Showmanship returned to Chanel on Monday. At Paris Fashion Week, its new designer Matthieu Blazy opened the season’s most anticipated debut beneath colossal celestial bodies — Saturn with its rings, a full solar system suspended above a jet-black and a mirror-bright runway — staking a claim for theatre from the first second.
Reflections doubled the cosmos underfoot as a front-row constellation of stars, including Nicole Kidman, Marion Cotillard and Tilda Swinton, looked up. By night’s end, the room rose in a standing ovation. As Vogue’s doyenne Anna Wintour has said, “fashion needs its showmen.” Chanel had one again.

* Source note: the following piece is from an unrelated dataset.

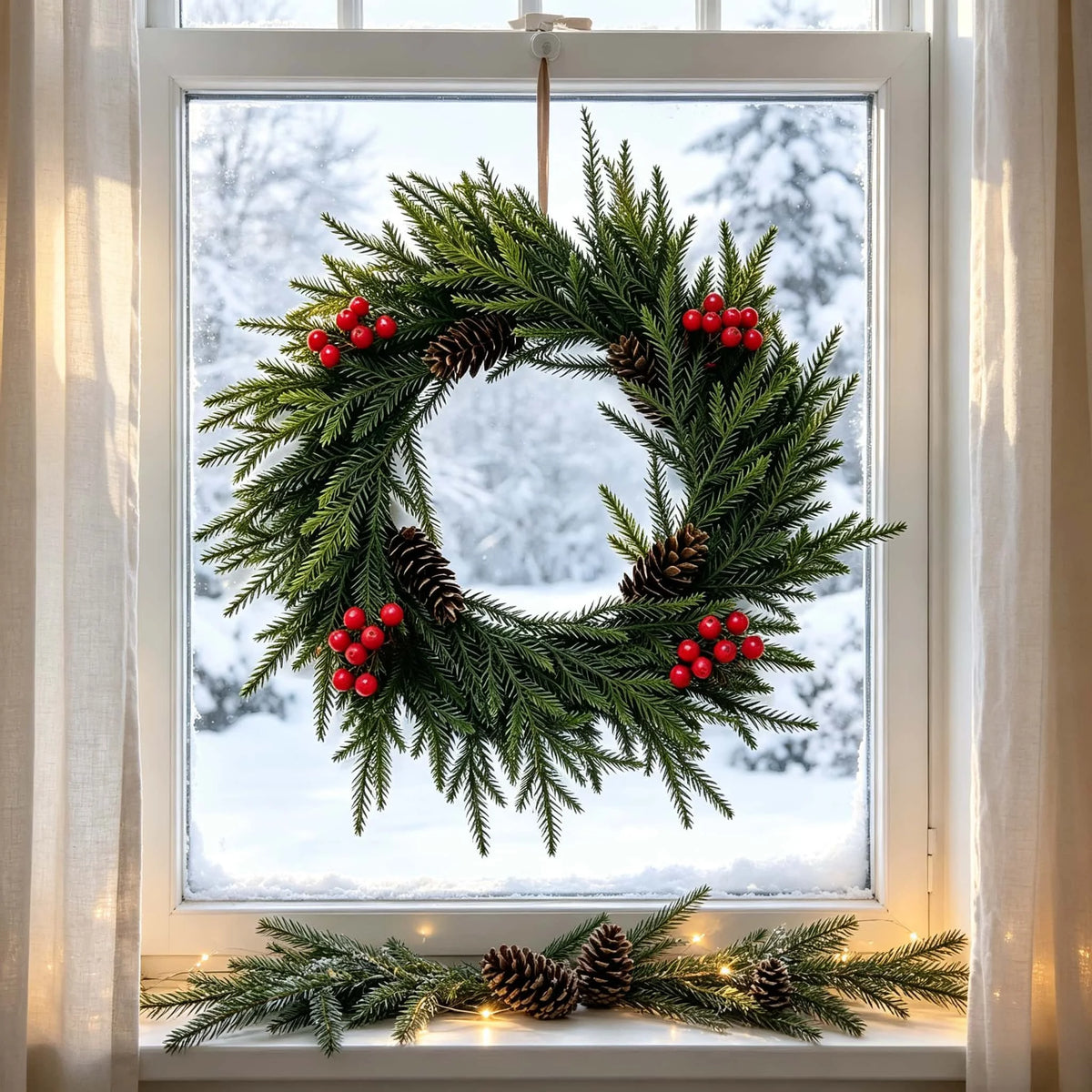 Pinecone & Berry Christmas Wreath — 40 cm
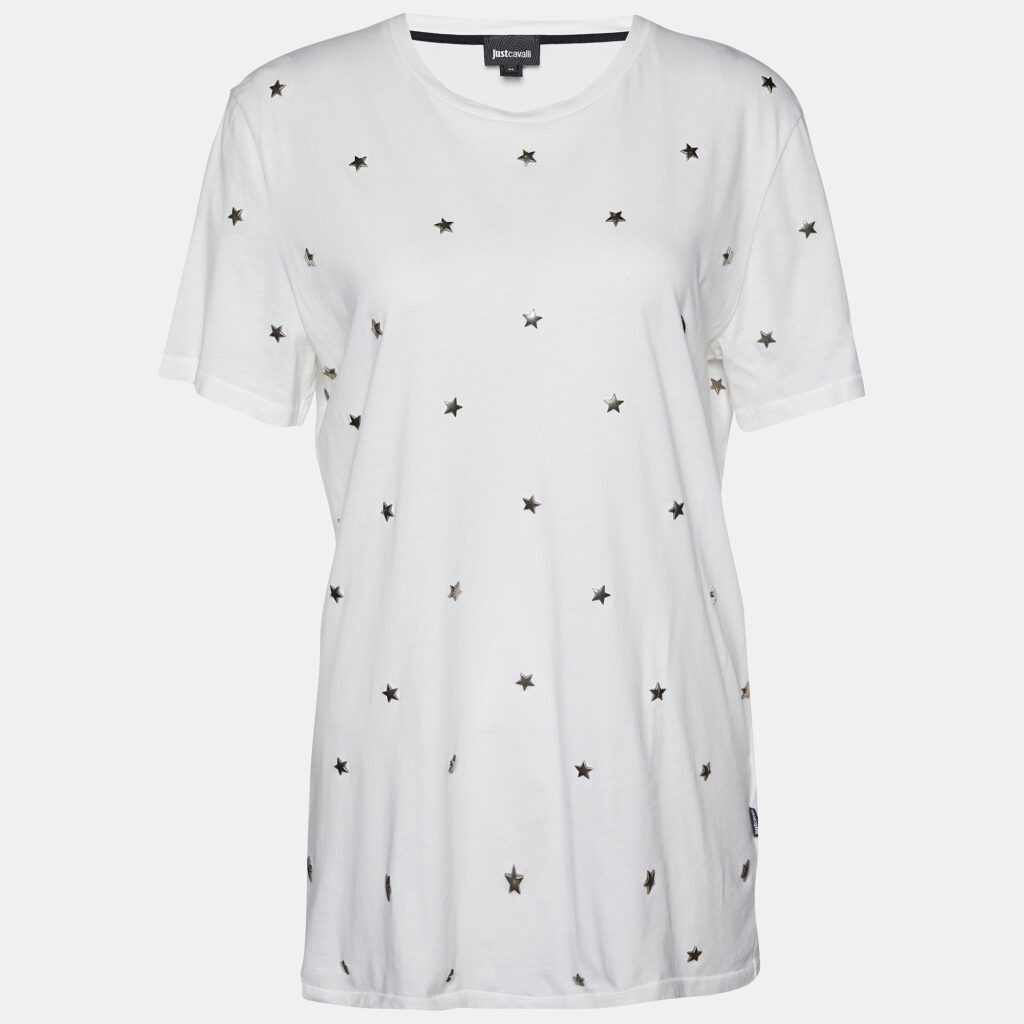 luxury-women-just-cavalli-used-clothes-p804325-002 Just Cavalli White Cotton Knit Star Studded T-Shirt M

Founded in 1910, Chanel reshaped women’s wardrobes by replacing corseted silhouettes with ease — jersey, trousers — and later codified a global idea of Parisian chic through the little black dress, pearls and the tweed suit.
Under Karl Lagerfeld in the 1980s, it became the model for how a heritage house can be both historic and relentlessly modern, its runway spectacles influencing the industry far beyond Paris. That legacy made Blazy’s debut more than a change of designer, but a test of how a century-old, multi-billion dollar institution continues to speak to the world.
Models wear creation as part of the Chanel Spring/Summer 2026 collection presented in Paris, on Monday.
The show capped a season dense with debuts: Pierpaolo Piccioli at Balenciaga, Louise Trotter at Bottega Veneta, Jack McCollough and Lazaro Hernandez at Loewe and Dario Vitale at Versace.
Yet Chanel’s moment felt singular for stakes and scale. By dialing down glitter, dialing up line, restoring theater and keeping the codes legible, Blazy positioned Chanel not as a museum of symbols but as a platform for them.
The opener functioned as a manifesto: an androgynous, slouchy pantsuit featuring low-slung trousers and an asymmetric jacket with structured shoulders. The looks split from the playbook of subdued designer Virginie Viard who parted ways with Chanel last year. They also shifted from late-period Karl Lagerfeld - one step closer to Gabrielle “Coco” Chanel.
Models wear creation as part of the Chanel Spring/Summer 2026 collection presented in Paris, on Monday.
Photos: Agencies
The styles were not a reinvention of tweed, but rather menswear rethought through the founder’s origin story, when Coco wore the clothes of her lover the “Boy” Capel. A hand anchored in a pocket made the point explicit: the freedom Chanel once placed in women’s hands - giving them trousers and pockets on them — restated.
The spring 2026 collection, months in the making, read as an imagined conversation between Blazy and Chanel herself: thoughtfulness braided with showmanship.
Ribbons — rumoured to be a sticking point between designer and atelier - were largely gone. Sparkle was sparse, a calculated risk in markets that prize high shine. In their place came silhouette-first solutions and masses of feathers, with the camellia held as steady leitmotif.